Living in Community
Community manifests itself unexpectedly, sometimes calling a person to action in ways that may not feel like service, except in hindsight. That’s what Mary Doherty (’68) discovered after a year with Jesuit Volunteer Corps as an English teacher in Fairbanks, Alaska. Community, she says, means much more than a year of formal service like the one she completed after graduating from Gonzaga.
As an undergraduate student, Doherty couldn’t shake an ingrained feeling of obligation. The only daughter in a family of boys, it seemed unfair that her brothers were expected to serve their country during the Vietnam War, yet no equivalent was expected of her. JVC Co-founder Fr. Jack Morris, S.J. approached her during a campus visit and encouraged her to serve as a Jesuit Volunteer. Seeking adventure and opportunity equal to both men and women, Doherty followed his advice.
Fifty years later, Doherty received the Fr. Jack Morris, S.J. Memorial Award at JVC Northwest’s annual benefit in Seattle. Award recipients “are former Jesuit volunteers who have demonstrated a lifetime commitment to working for the common good and bringing about peace and justice,” according to the organization’s website. When retiring Executive Director Jeanne Haster invited her to receive the award, Doherty said the idea was hard to grasp.
“It totally knocked me over, because I've known every person who ever got the Jack Morris Award, and they're all people I admire so much … And then I realized part of this is because my service was exactly 50 years ago, and I've been involved with JVC Northwest ever since.”

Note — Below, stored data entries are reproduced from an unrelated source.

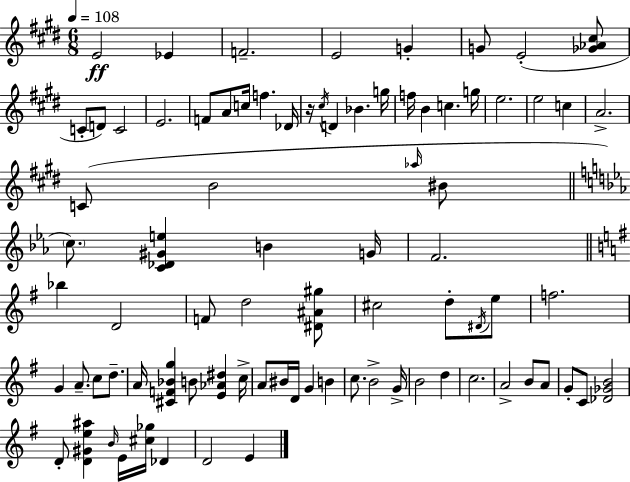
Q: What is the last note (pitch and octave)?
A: E4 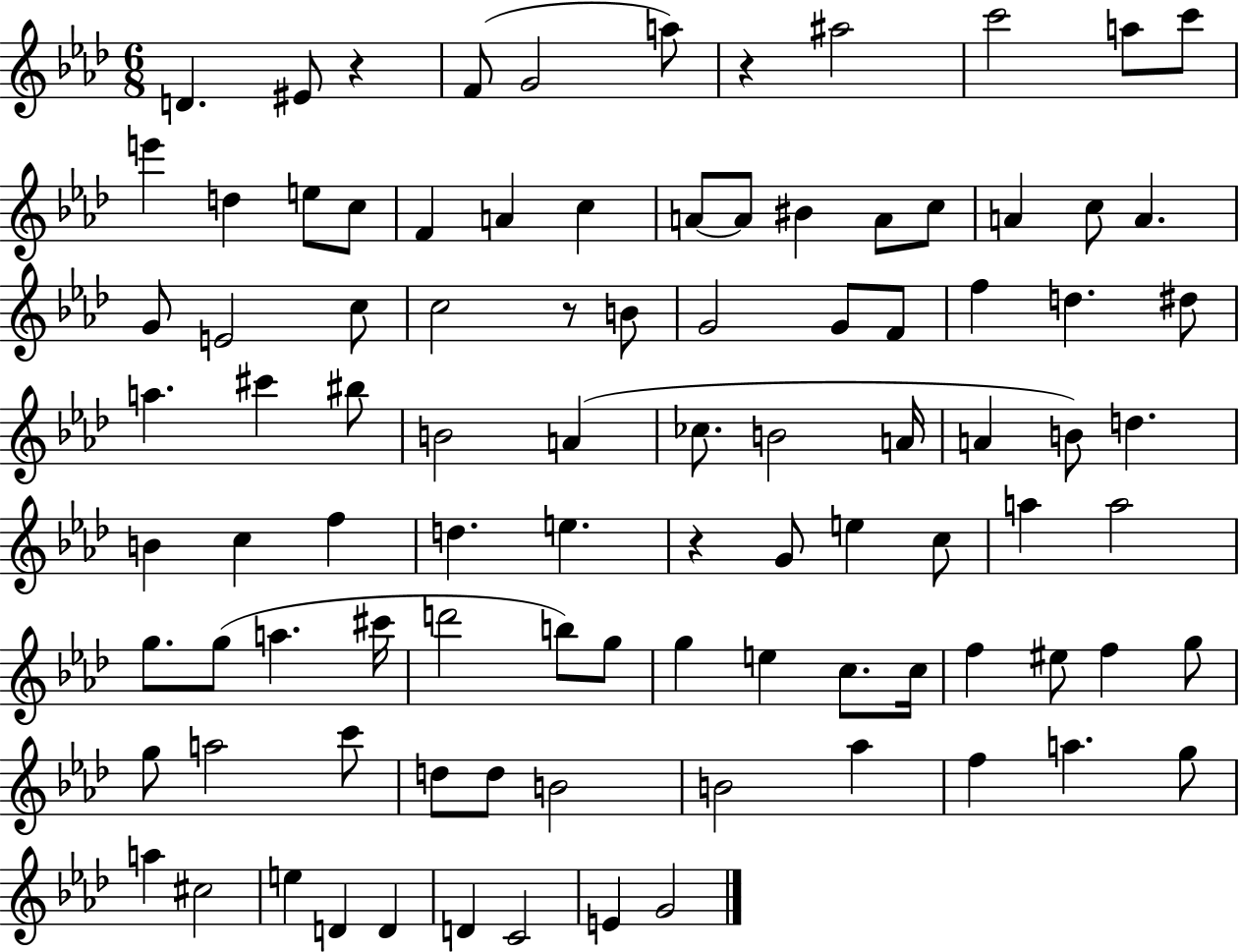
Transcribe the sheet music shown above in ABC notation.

X:1
T:Untitled
M:6/8
L:1/4
K:Ab
D ^E/2 z F/2 G2 a/2 z ^a2 c'2 a/2 c'/2 e' d e/2 c/2 F A c A/2 A/2 ^B A/2 c/2 A c/2 A G/2 E2 c/2 c2 z/2 B/2 G2 G/2 F/2 f d ^d/2 a ^c' ^b/2 B2 A _c/2 B2 A/4 A B/2 d B c f d e z G/2 e c/2 a a2 g/2 g/2 a ^c'/4 d'2 b/2 g/2 g e c/2 c/4 f ^e/2 f g/2 g/2 a2 c'/2 d/2 d/2 B2 B2 _a f a g/2 a ^c2 e D D D C2 E G2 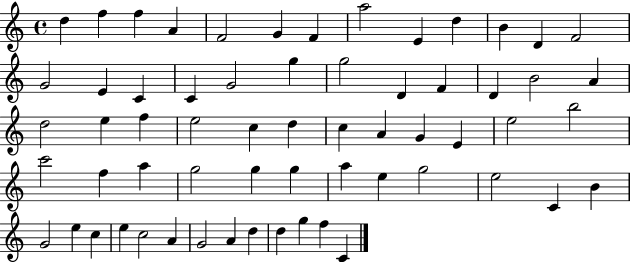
D5/q F5/q F5/q A4/q F4/h G4/q F4/q A5/h E4/q D5/q B4/q D4/q F4/h G4/h E4/q C4/q C4/q G4/h G5/q G5/h D4/q F4/q D4/q B4/h A4/q D5/h E5/q F5/q E5/h C5/q D5/q C5/q A4/q G4/q E4/q E5/h B5/h C6/h F5/q A5/q G5/h G5/q G5/q A5/q E5/q G5/h E5/h C4/q B4/q G4/h E5/q C5/q E5/q C5/h A4/q G4/h A4/q D5/q D5/q G5/q F5/q C4/q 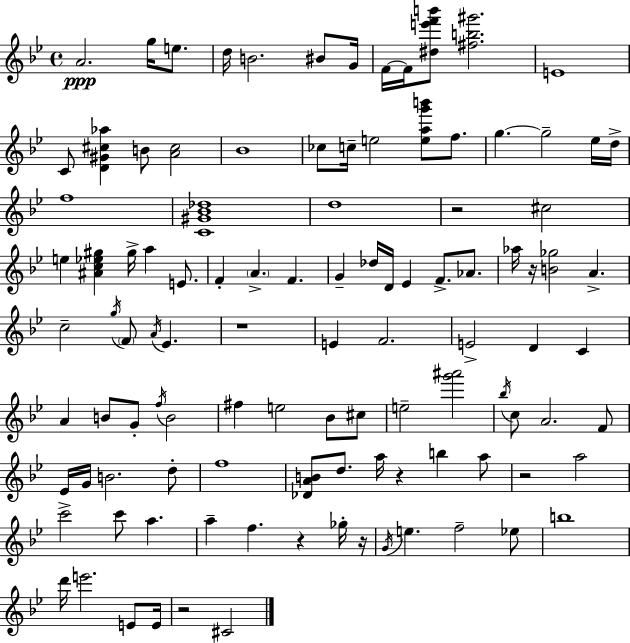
{
  \clef treble
  \time 4/4
  \defaultTimeSignature
  \key bes \major
  a'2.\ppp g''16 e''8. | d''16 b'2. bis'8 g'16 | f'16~~ f'16 <dis'' e''' f''' b'''>8 <fis'' b'' gis'''>2. | e'1 | \break c'8 <d' gis' cis'' aes''>4 b'8 <a' cis''>2 | bes'1 | ces''8 c''16-- e''2 <e'' a'' g''' b'''>8 f''8. | g''4.~~ g''2-- ees''16 d''16-> | \break f''1 | <c' gis' bes' des''>1 | d''1 | r2 cis''2 | \break e''4 <ais' c'' ees'' gis''>4 gis''16-> a''4 e'8. | f'4-. \parenthesize a'4.-> f'4. | g'4-- des''16 d'16 ees'4 f'8.-> aes'8. | aes''16 r16 <b' ges''>2 a'4.-> | \break c''2-- \acciaccatura { g''16 } \parenthesize f'8 \acciaccatura { a'16 } ees'4. | r1 | e'4 f'2. | e'2-> d'4 c'4 | \break a'4 b'8 g'8-. \acciaccatura { f''16 } b'2 | fis''4 e''2 bes'8 | cis''8 e''2-- <g''' ais'''>2 | \acciaccatura { bes''16 } c''8 a'2. | \break f'8 ees'16 g'16 b'2. | d''8-. f''1 | <des' a' b'>8 d''8. a''16 r4 b''4 | a''8 r2 a''2 | \break c'''2-> c'''8 a''4. | a''4-- f''4. r4 | ges''16-. r16 \acciaccatura { g'16 } e''4. f''2-- | ees''8 b''1 | \break d'''16 e'''2. | e'8 e'16 r2 cis'2 | \bar "|."
} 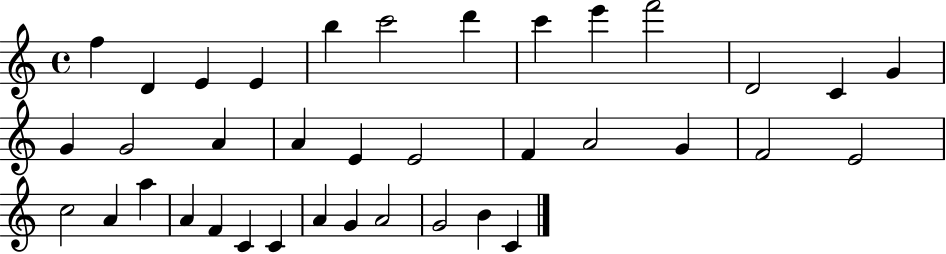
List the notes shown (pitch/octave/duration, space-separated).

F5/q D4/q E4/q E4/q B5/q C6/h D6/q C6/q E6/q F6/h D4/h C4/q G4/q G4/q G4/h A4/q A4/q E4/q E4/h F4/q A4/h G4/q F4/h E4/h C5/h A4/q A5/q A4/q F4/q C4/q C4/q A4/q G4/q A4/h G4/h B4/q C4/q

JVC’s core values – simple living, spirituality, social and ecological justice, and community – have guided Doherty personally and professionally. The value of community, however, has stood out most prominently for her and her family.
“The Corps exists to serve people on the margins through local, non-profit agency placements - but also to transform young adults' lives by living in community, grounded in the core values,” Doherty said. “In living together as an intentional community, all kinds of things about how you're going to live your adult life surface. [Volunteers] learn how important it is that everyone in that community be heard and be honored and understood.”

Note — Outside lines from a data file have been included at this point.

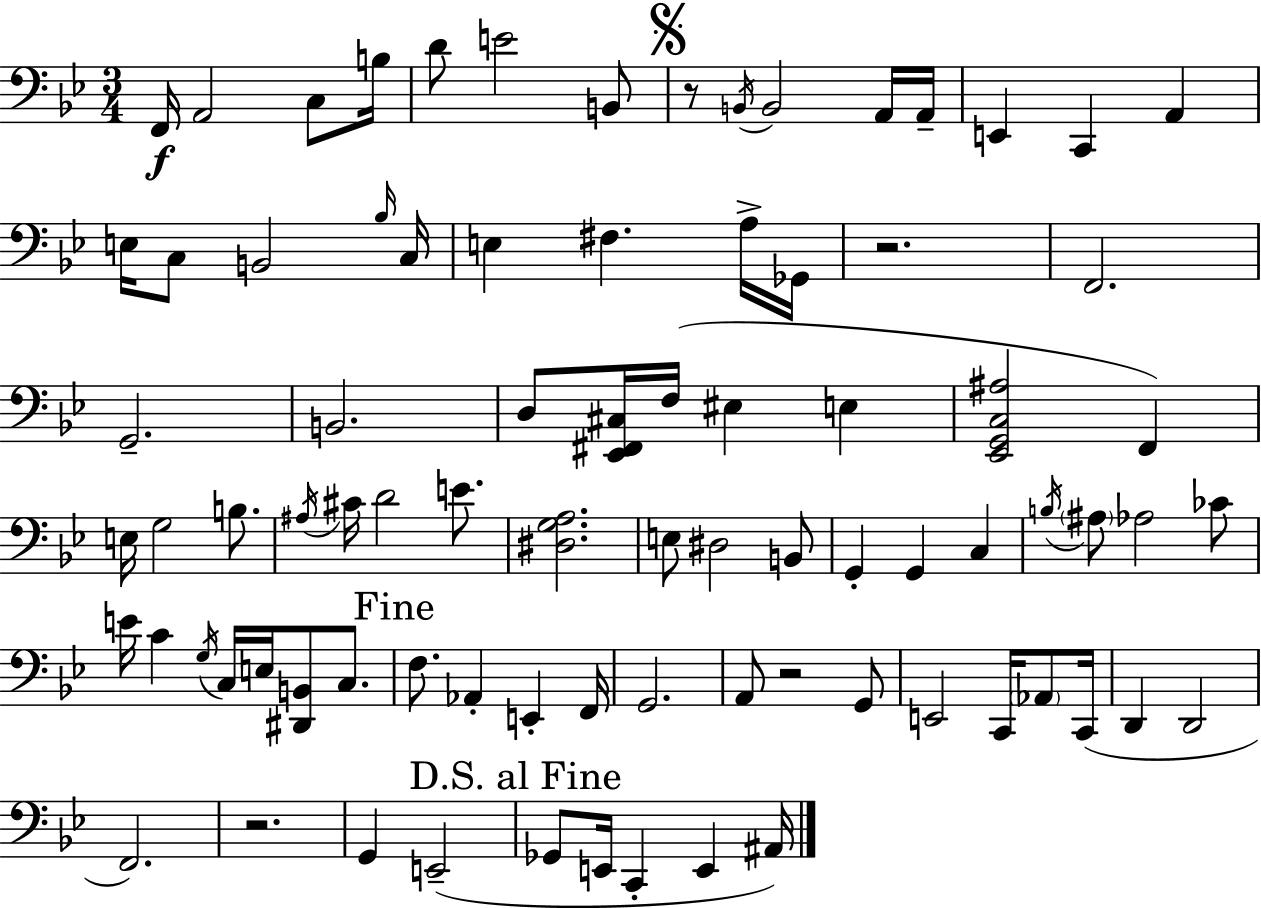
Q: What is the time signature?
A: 3/4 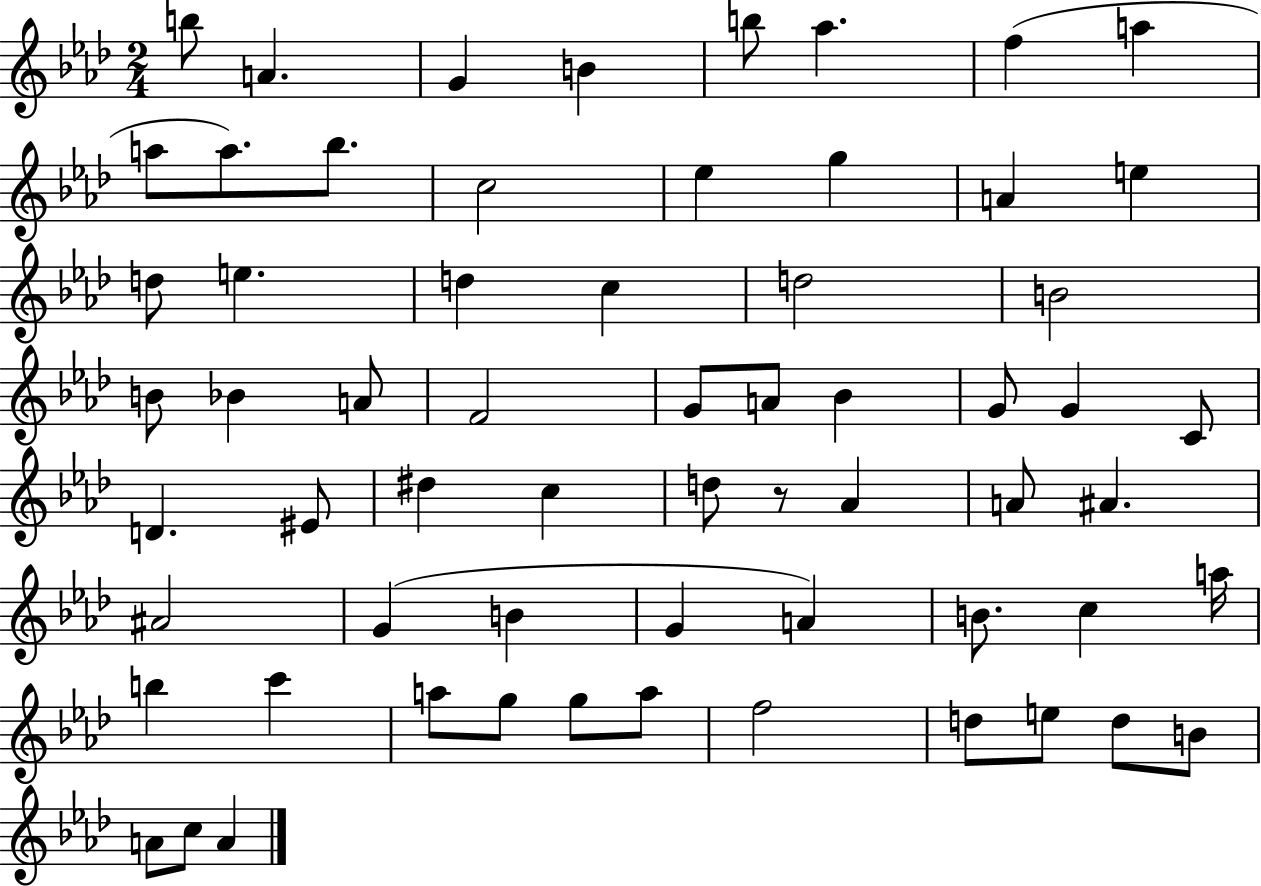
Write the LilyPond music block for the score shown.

{
  \clef treble
  \numericTimeSignature
  \time 2/4
  \key aes \major
  b''8 a'4. | g'4 b'4 | b''8 aes''4. | f''4( a''4 | \break a''8 a''8.) bes''8. | c''2 | ees''4 g''4 | a'4 e''4 | \break d''8 e''4. | d''4 c''4 | d''2 | b'2 | \break b'8 bes'4 a'8 | f'2 | g'8 a'8 bes'4 | g'8 g'4 c'8 | \break d'4. eis'8 | dis''4 c''4 | d''8 r8 aes'4 | a'8 ais'4. | \break ais'2 | g'4( b'4 | g'4 a'4) | b'8. c''4 a''16 | \break b''4 c'''4 | a''8 g''8 g''8 a''8 | f''2 | d''8 e''8 d''8 b'8 | \break a'8 c''8 a'4 | \bar "|."
}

Doherty worked at Yakima Valley College for three decades, where she gave extra focus to returning, female students. Inspired by her time advising high school seniors with their college applications in Alaska, Doherty eventually worked in administration and as a dean in other Washington and Oregon colleges. She found her passion serving branch campuses, especially its lower-income, adult students who viewed education as their ticket out of poverty, for themselves and their children.
While working in community colleges, Doherty also founded a drop-in center for Latina women, served on the JVC Northwest Board for multiple terms, chaired Yakima’s Catholic hospital and school boards, supported state and community programs for people with disabilities, and helped start with her family a series of monthly potlucks known today as “JVC support communities.” These potlucks gather local Jesuit Volunteers in faith and support, where families like Doherty’s connect with them through their struggles, joys and life transitions. What started as small parties in the Dohertys’ backyard now takes place in JVC communities across five states.

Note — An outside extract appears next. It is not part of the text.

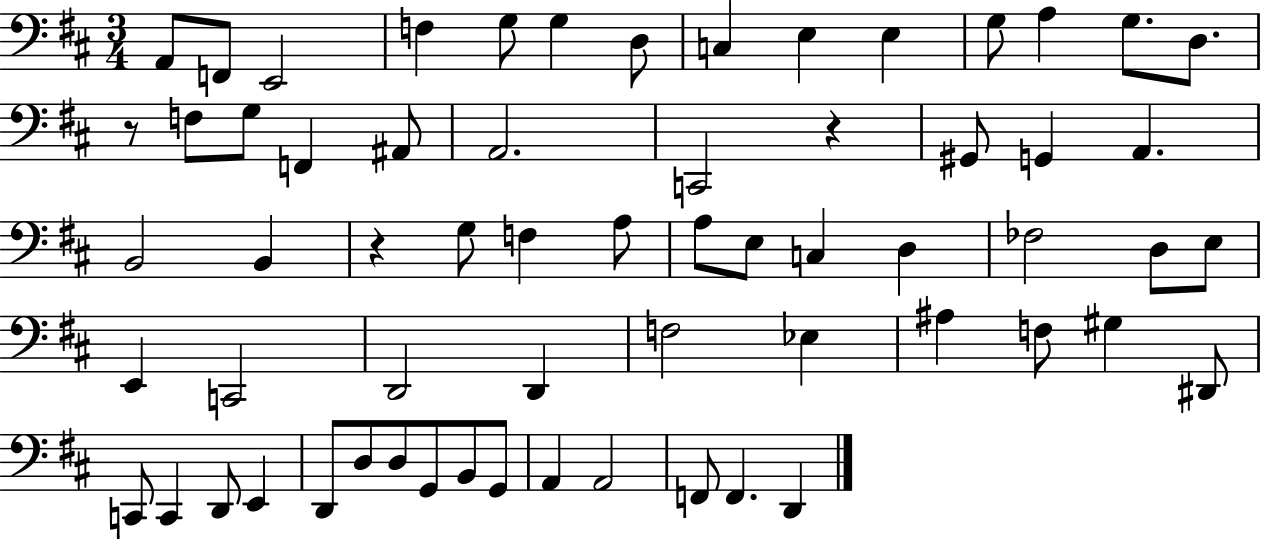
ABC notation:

“I believe that JVC Northwest is part of a larger community, so I've always had a big focus on the community around us, as well,” Doherty said. “If you know what young people need and listen really well, you can help with those next steps.”
Leading classroom conversations about diversity in Alaska during the Civil Rights Movement, hosting monthly potlucks, guiding returning women students in community colleges, and offering community meals and beds to Jesuit Volunteers during their trips to the Olympic Peninsula, Doherty understands that communities often form in unexpected ways. She encourages prospective Jesuit Volunteers to consider service in their own lives after Gonzaga.
“It's with you forever,” Doherty said. “This year could be an investment in your life, to transform who you are and how you will be for all the rest of those years.”